Would you return the data exactly as given, except for its pictures?

EXTRACTED MATERIAL below:

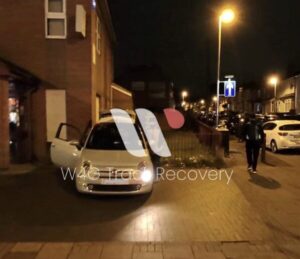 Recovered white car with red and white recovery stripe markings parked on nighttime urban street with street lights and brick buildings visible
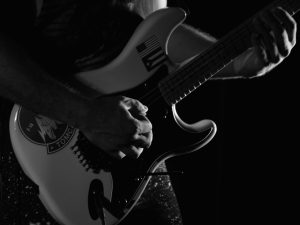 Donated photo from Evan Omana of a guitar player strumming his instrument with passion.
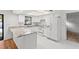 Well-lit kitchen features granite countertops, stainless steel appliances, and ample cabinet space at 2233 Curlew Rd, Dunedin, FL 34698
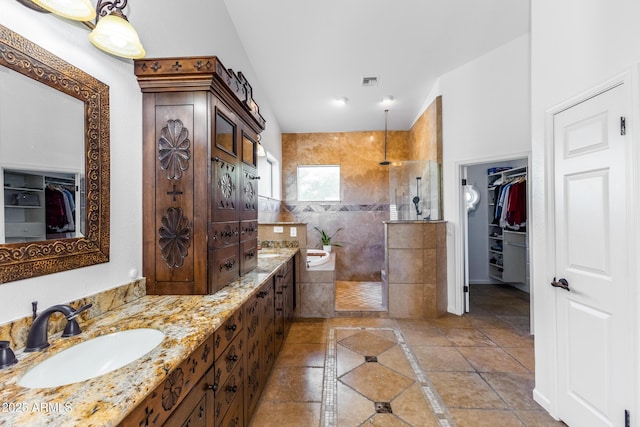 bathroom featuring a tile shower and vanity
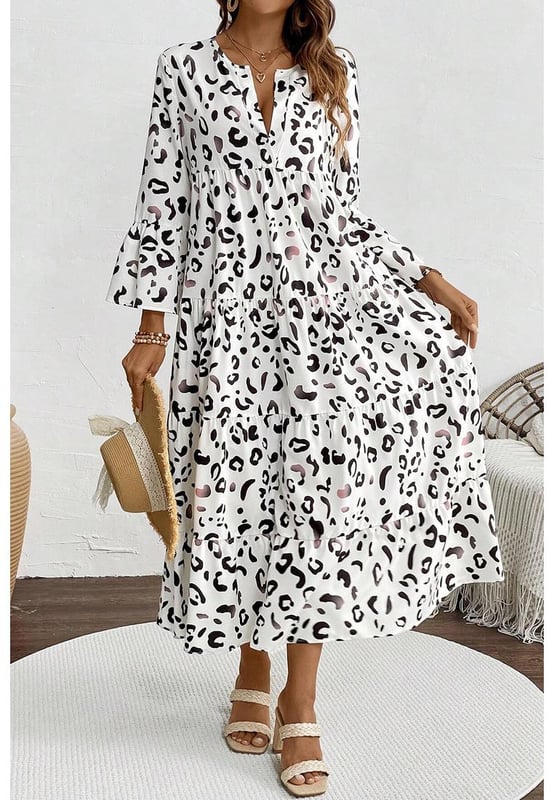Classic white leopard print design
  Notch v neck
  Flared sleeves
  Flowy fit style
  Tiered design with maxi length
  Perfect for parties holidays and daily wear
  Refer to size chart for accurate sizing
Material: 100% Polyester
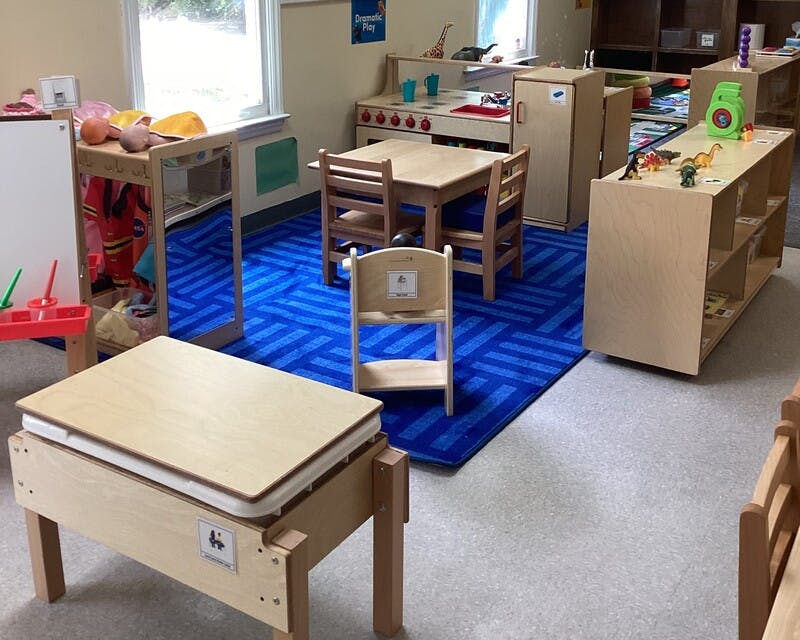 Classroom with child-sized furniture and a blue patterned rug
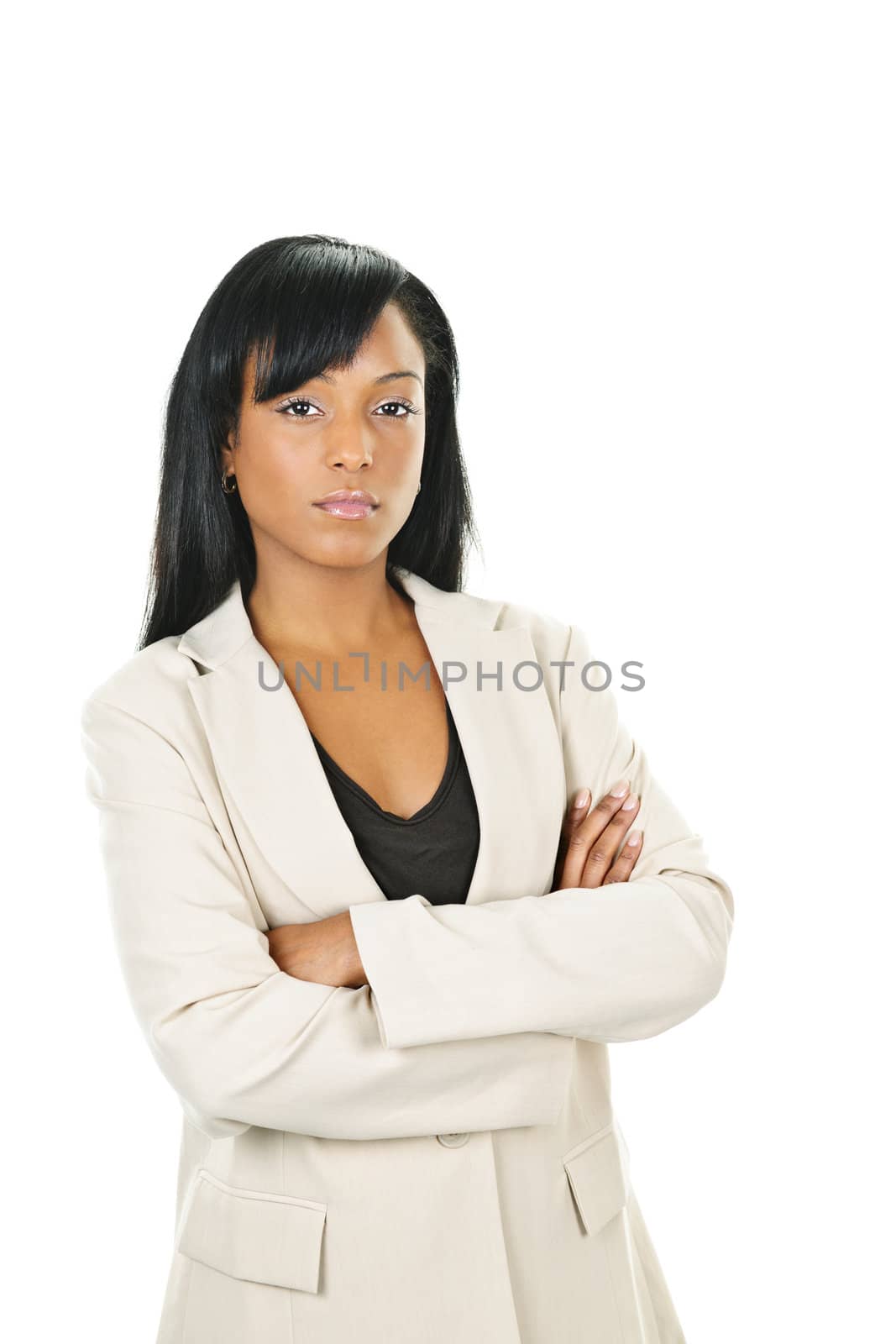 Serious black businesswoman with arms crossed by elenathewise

End of EXTRACTED MATERIAL.

* ANSWER TO THIS TASK
 Recovered white car with red and white recovery stripe markings parked on nighttime urban street with street lights and brick buildings visible
 Donated photo from Evan Omana of a guitar player strumming his instrument with passion.
 Well-lit kitchen features granite countertops, stainless steel appliances, and ample cabinet space at 2233 Curlew Rd, Dunedin, FL 34698
 bathroom featuring a tile shower and vanity
Classic white leopard print design
  Notch v neck
  Flared sleeves
  Flowy fit style
  Tiered design with maxi length
  Perfect for parties holidays and daily wear
  Refer to size chart for accurate sizing
Material: 100% Polyester
 Classroom with child-sized furniture and a blue patterned rug
 Serious black businesswoman with arms crossed by elenathewise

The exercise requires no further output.